Within the listing that follows, reproduce exactly the lines starting at the line with "Emerald Forest Light" and ending at the line with "hand drawn thought bubble cartoon lion png", inclusive, and only those. Pictures are dropped.

- [Source records]
*** Begin section ***

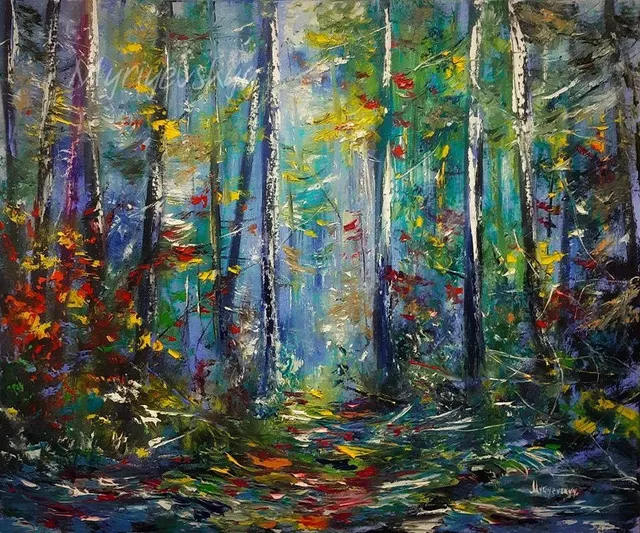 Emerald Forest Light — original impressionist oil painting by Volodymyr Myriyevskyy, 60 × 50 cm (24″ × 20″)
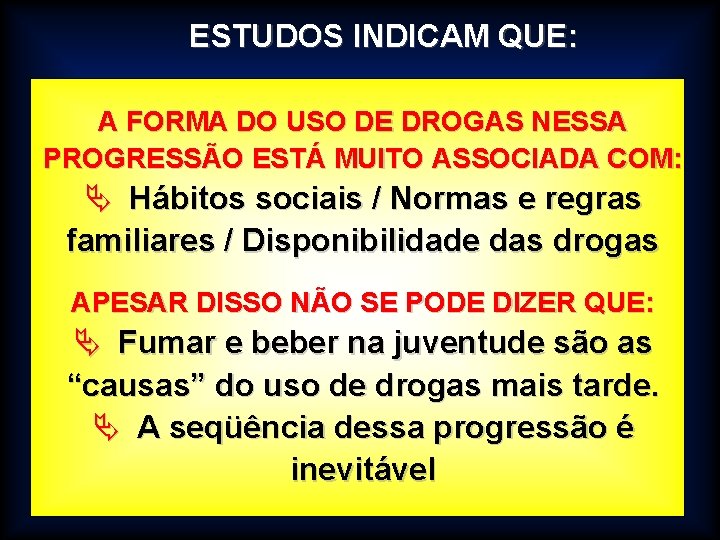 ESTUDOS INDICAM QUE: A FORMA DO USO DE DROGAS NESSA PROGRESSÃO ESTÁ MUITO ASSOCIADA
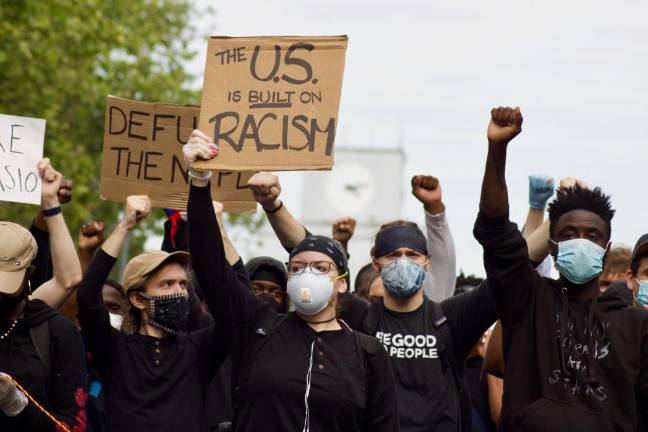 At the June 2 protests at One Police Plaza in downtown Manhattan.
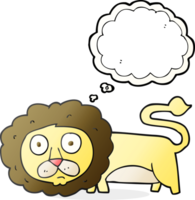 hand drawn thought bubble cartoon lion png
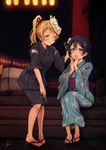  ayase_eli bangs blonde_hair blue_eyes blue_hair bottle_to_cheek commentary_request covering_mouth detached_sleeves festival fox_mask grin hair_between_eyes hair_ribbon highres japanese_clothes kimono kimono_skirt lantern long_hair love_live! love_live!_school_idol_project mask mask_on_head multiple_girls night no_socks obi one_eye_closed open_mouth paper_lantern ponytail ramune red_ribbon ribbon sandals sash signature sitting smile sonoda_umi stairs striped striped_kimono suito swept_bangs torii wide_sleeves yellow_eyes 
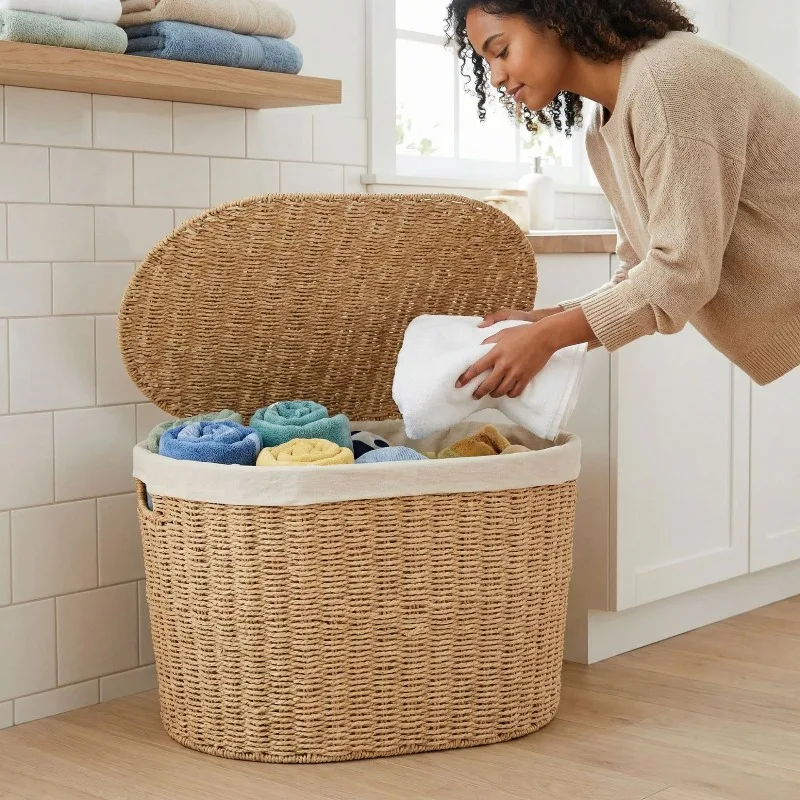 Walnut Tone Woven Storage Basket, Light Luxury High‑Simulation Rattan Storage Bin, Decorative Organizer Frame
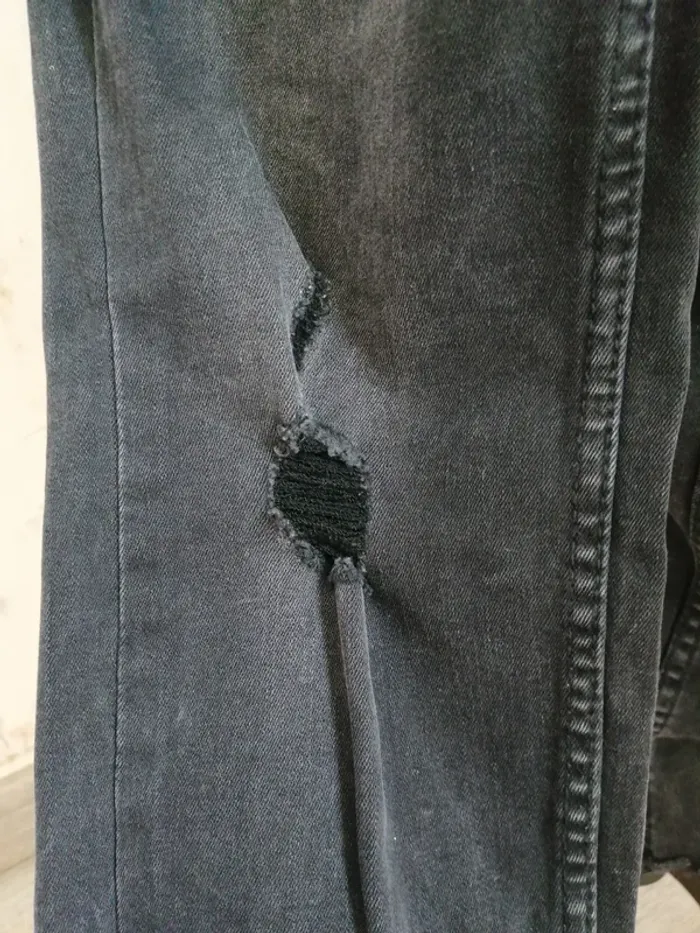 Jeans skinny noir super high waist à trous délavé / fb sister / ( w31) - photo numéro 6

*** End section ***
*** Begin section ***

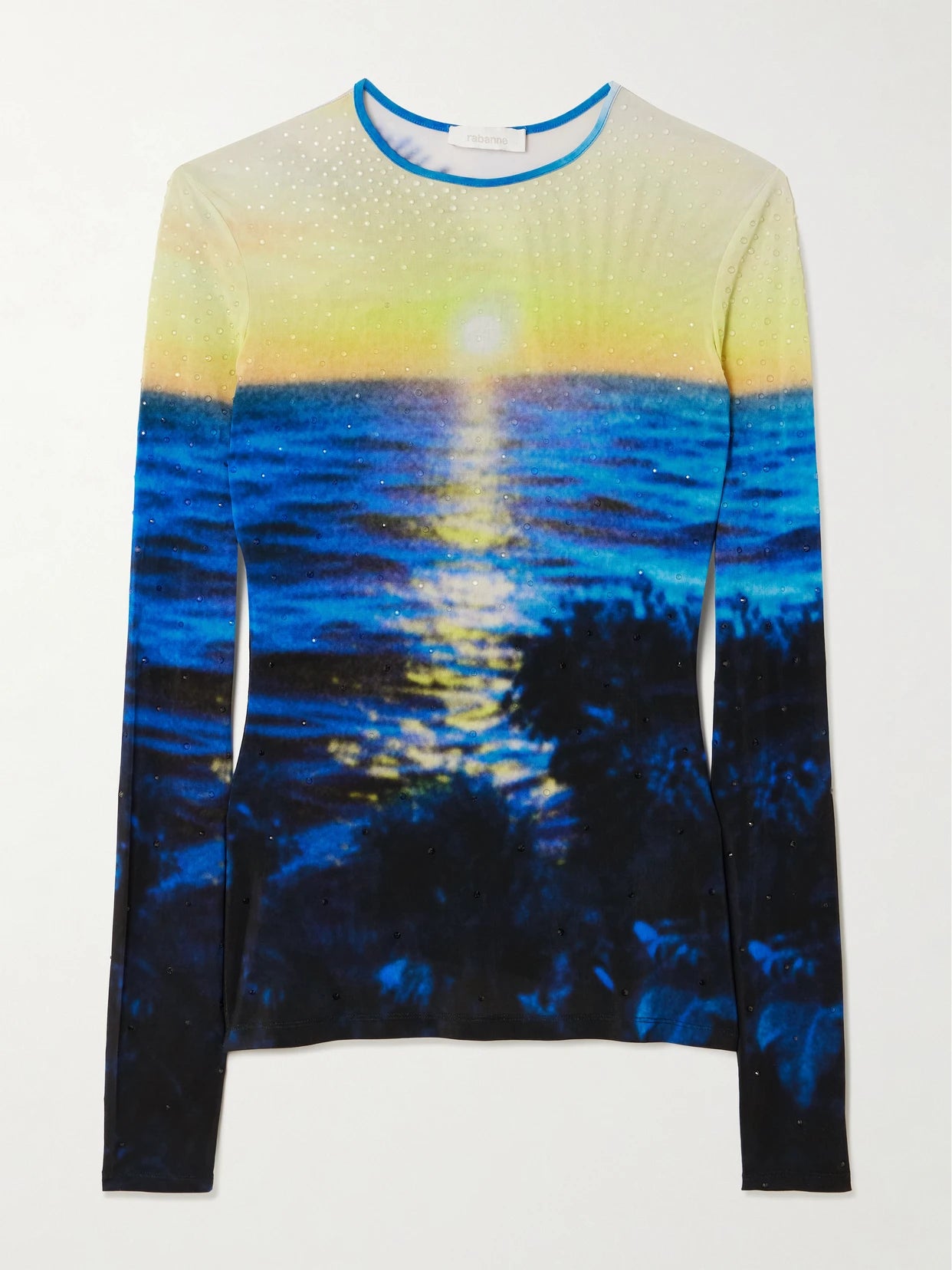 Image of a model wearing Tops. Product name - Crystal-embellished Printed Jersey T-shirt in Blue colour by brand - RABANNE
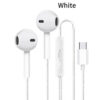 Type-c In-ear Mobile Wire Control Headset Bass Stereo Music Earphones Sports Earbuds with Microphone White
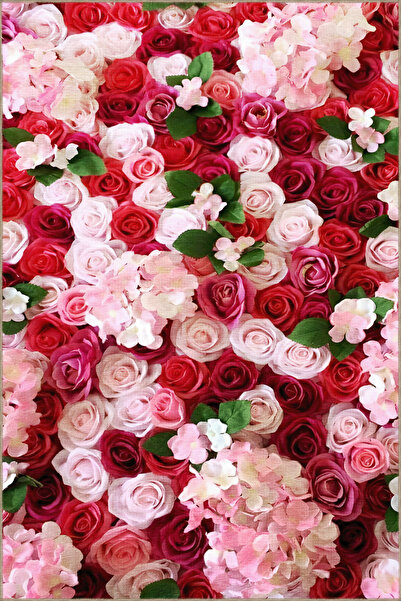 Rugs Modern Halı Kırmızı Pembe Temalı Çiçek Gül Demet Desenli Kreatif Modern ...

*** End section ***
*** Begin section ***

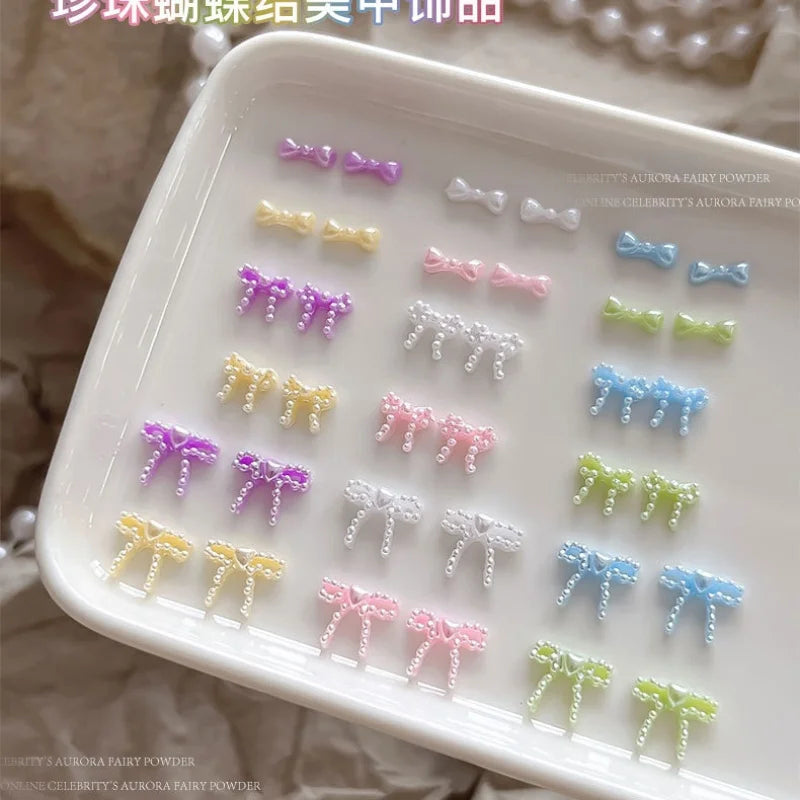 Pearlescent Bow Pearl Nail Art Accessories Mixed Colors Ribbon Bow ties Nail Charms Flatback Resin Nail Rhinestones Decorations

*** End section ***

- [Result of the exercise]
 Emerald Forest Light — original impressionist oil painting by Volodymyr Myriyevskyy, 60 × 50 cm (24″ × 20″)
 ESTUDOS INDICAM QUE: A FORMA DO USO DE DROGAS NESSA PROGRESSÃO ESTÁ MUITO ASSOCIADA
 At the June 2 protests at One Police Plaza in downtown Manhattan.
 hand drawn thought bubble cartoon lion png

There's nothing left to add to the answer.